German Lit Month: Those Other Guys (and Girls)

So far this month, I've covered two Weimar-era works, with Thomas Mann and the Brothers Grimm yet to come. But what about those other German works of literature I've read before? (Some of these I read years ago, so my memory may be rusty...)

Faust, Part One by Johann Wolfgang von Goethe (1808)
When I read this, it became one of my favorite books. I now have a love for all things Faustian-myth inspired, like the English versions of The Monk and The Demon of Sicily, the film Phantom of the Paradise, and a bunch of other works I haven't read yet but really, really want to. I'm not sure what struck me the most about the play, but the fact that it's a play I can easily recall reading is a major point. I loved Goethe's writing, too. And Berlioz's "Hungarian March" is one of my favorite pieces to play on trombone.

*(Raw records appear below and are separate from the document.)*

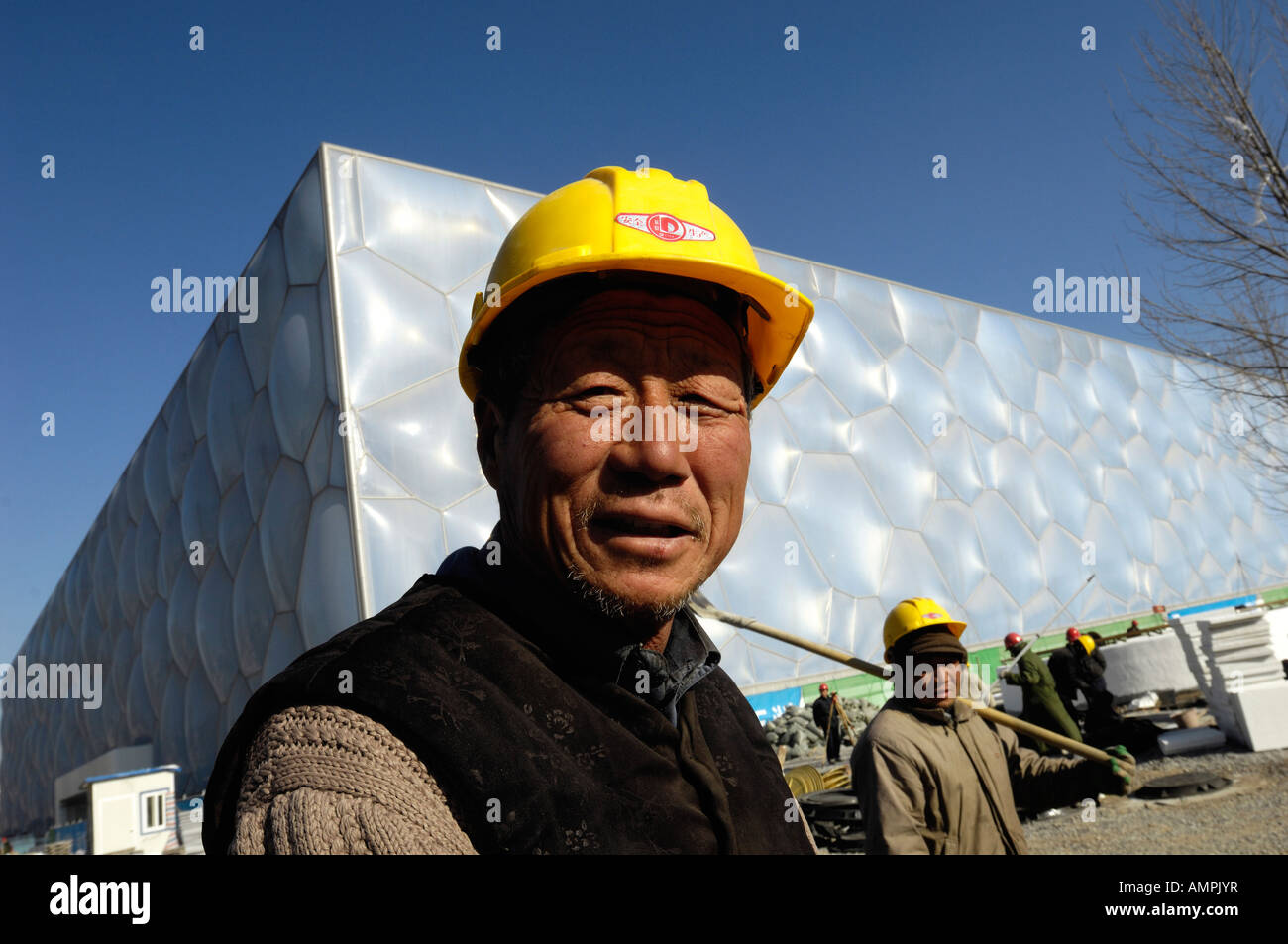 Chinesische Arbeiter auf der Baustelle des nationalen Schwimmzentrum für die Olympischen Spiele 2008 15. Dezember 2007 Stockfoto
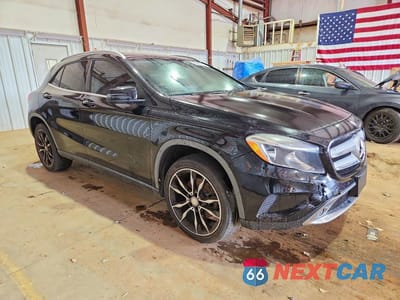 Czwarte zdjęcie samochodu z boku: 2017 MERCEDES-BENZ GLA 250 VIN:WDCTG4EB1HJ296298 - miniatura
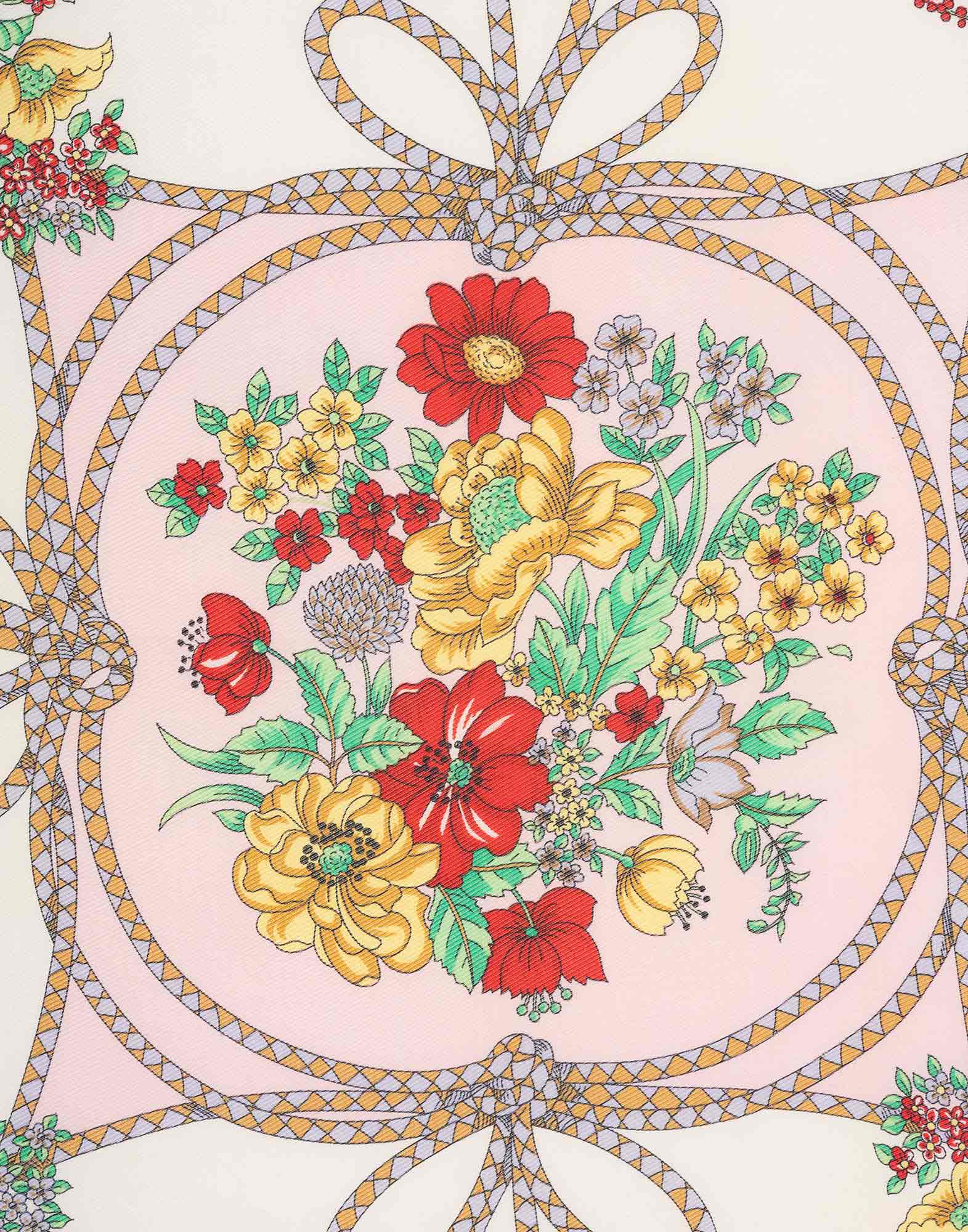 Gucci - Foulard anni '80 con fiori - immagine 3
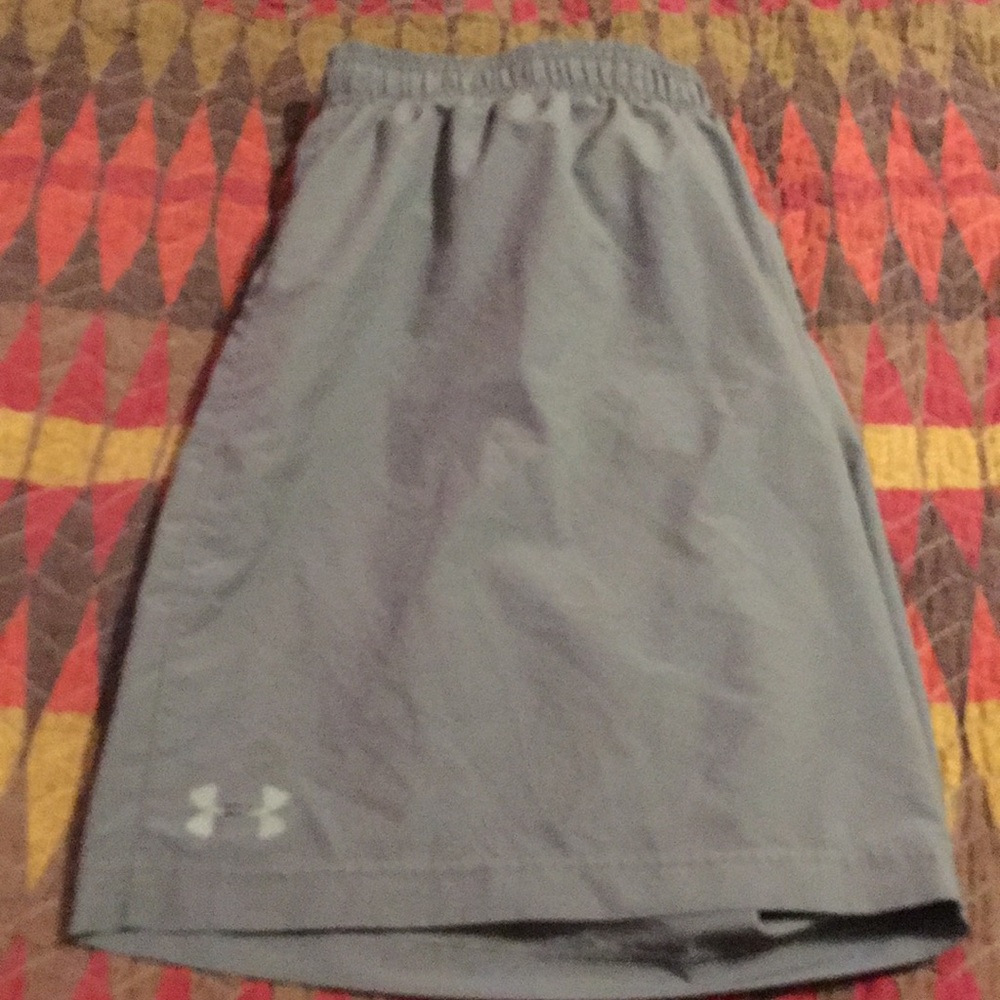 UNDER ARMOUR ATHLETIC SHORTS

Faust, Part Two by Johann Wolfgang von Goethe (1832)
If the first part of Faust made an impression on me, the second one didn't. The most interesting part was analyzing how Goethe's writing style and motifs changed in the decades between the two. I was rather upset that Faust appeared to forget Gretchen, going off and marrying another woman.

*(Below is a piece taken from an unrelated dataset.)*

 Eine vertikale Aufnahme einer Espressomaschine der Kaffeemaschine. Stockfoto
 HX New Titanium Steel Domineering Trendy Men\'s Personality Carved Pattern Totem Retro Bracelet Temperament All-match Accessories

The Sorrows of Young Werther by Johann Wolfgang von Goethe (1774)
I was so not impressed by the novel while I was reading it. I've heard it was strong enough to inspire a few of its emotional male readers to commit suicide, but, personally, I found Werther to be whiny and selfish. Later, though, the novel turned out to be one of those where its greatness sinks into you afterwards. I'll probably end up re-reading it at some point.

The Madwoman on a Pilgrimage by Johann Wolfgang von Goethe (1821)
This is the last Goethe, I swear. The only thing I can even say about it is my super-short review from a few years ago, because I can't really remember anything about the book. "The three stories in this short book (excerpted from one of the Wilhelm Meister novels) were okay. They're definitely not my favorites of the little Goethe that I've read, but they are worth reading. The middle story, in particular, is a humorous love story that reminded me a bit of A Midsummer Night's Dream, while the two others are more pessimistic views of the trials of love and relationships." (By the way, this was one of my first reviews.)

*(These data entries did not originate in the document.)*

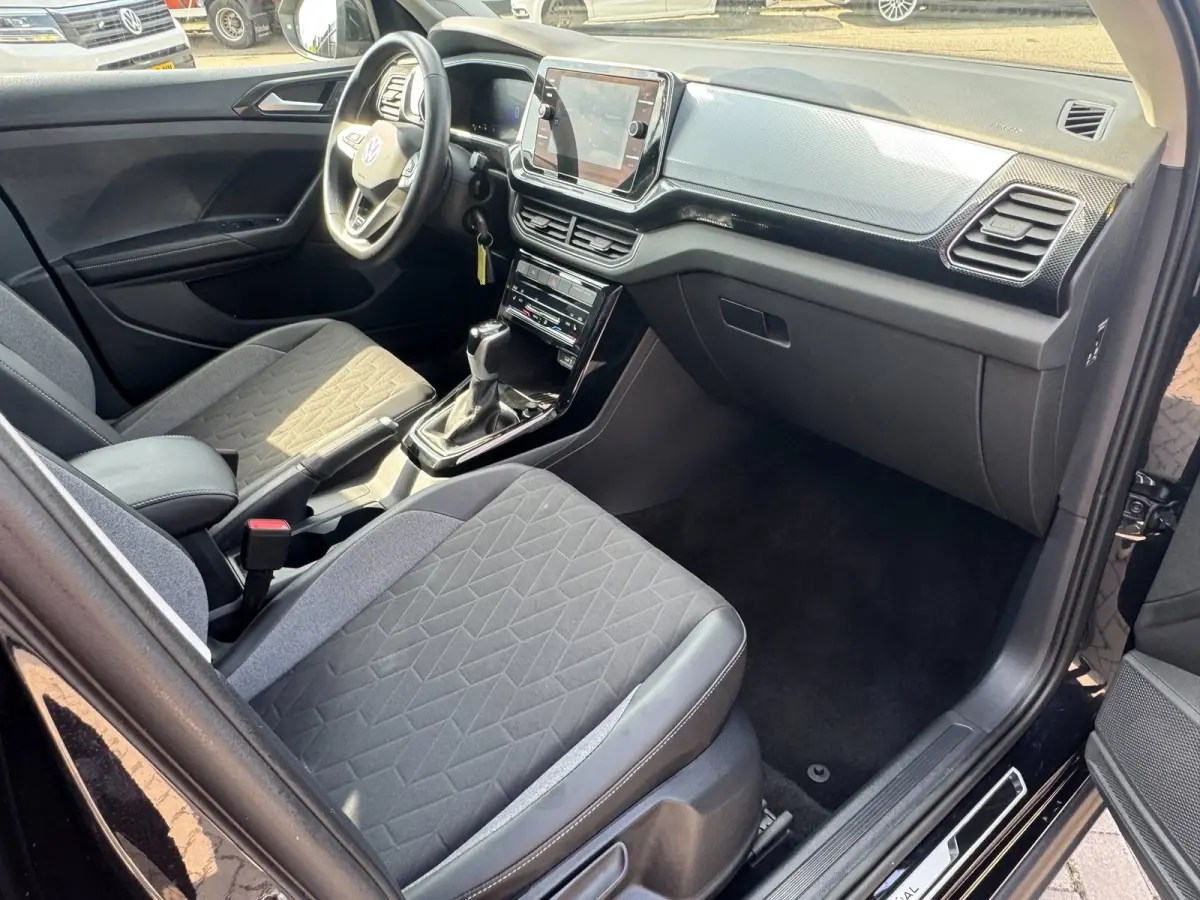 1.5 TSI R-Line Edition | Met o.a. AppleCarPlay/AndroidAuto, achteruitrijcamera, navigatie en cruise control!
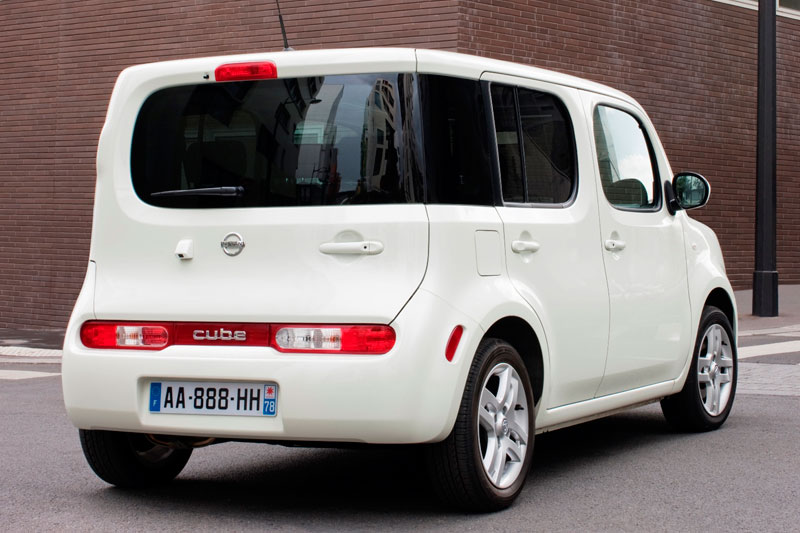 Nissan Cube MPV Rear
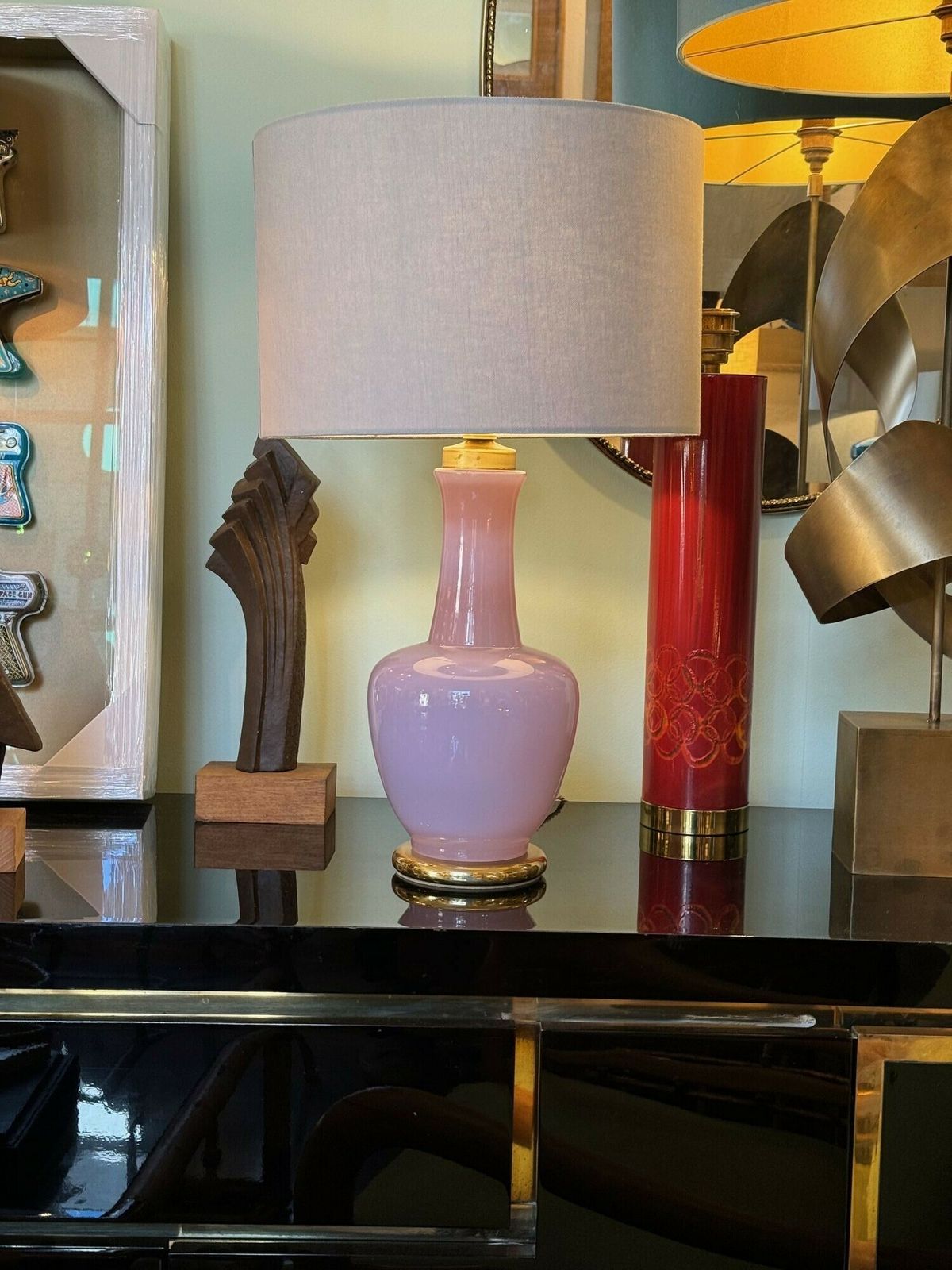 Lighting A Pair Of Lavender Opaline Murano Glass Lamps By Cenedese photo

Thus Spoke Zarathustra by Friedrich Nietzsche (1885)
I've actually never finished reading this one. I've attempted to on three (or four?) different occasions, but the farthest I've ever made it is page 70. Something about an "Overman" and a guy falling off a tightrope...Why have I never finished the book? I can't slow my reading down. I have to read it as a novel, meaning I don't take time to analyze and figure out the philosophical parts which are the purpose of its entire existence. I'll come back when I'm more mature.

Mephisto by Klaus Mann (1936)
As with After Midnight, which I read earlier this month, Mephisto is very much a reflection-of-its-times novel. I didn't enjoy it too much while I was reading it, but afterwards, I realized why it's still in print. Such novels are retrospectively great for what they reveal to us of the turbulent times during which they were written.

The Queen's Mirror: Fairy Tales by German Women, 1780-1900
As with most, if not all, anthologies, this one has some great pieces, some mediocre ones, and some that were just boring or too weird. It's definitely interesting and unique, though, and each story has its own flavor. I very much enjoyed reading the tales in the anthology and will probably return to it soon.